Aim of the task | Please reproduce exactly the line that carries "Seven7 Bermuda Blue" and all remaining lines through the last line of the data, and write nothing else.

Given data |
+ + + + +

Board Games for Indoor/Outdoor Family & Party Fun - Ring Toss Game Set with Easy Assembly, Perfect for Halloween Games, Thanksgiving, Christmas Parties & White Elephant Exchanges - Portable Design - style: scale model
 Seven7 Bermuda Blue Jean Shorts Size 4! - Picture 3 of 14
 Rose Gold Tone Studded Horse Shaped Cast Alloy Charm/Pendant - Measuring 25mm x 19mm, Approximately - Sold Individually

+ + + + +

Output of the exercise |
 Seven7 Bermuda Blue Jean Shorts Size 4! - Picture 3 of 14
 Rose Gold Tone Studded Horse Shaped Cast Alloy Charm/Pendant - Measuring 25mm x 19mm, Approximately - Sold Individually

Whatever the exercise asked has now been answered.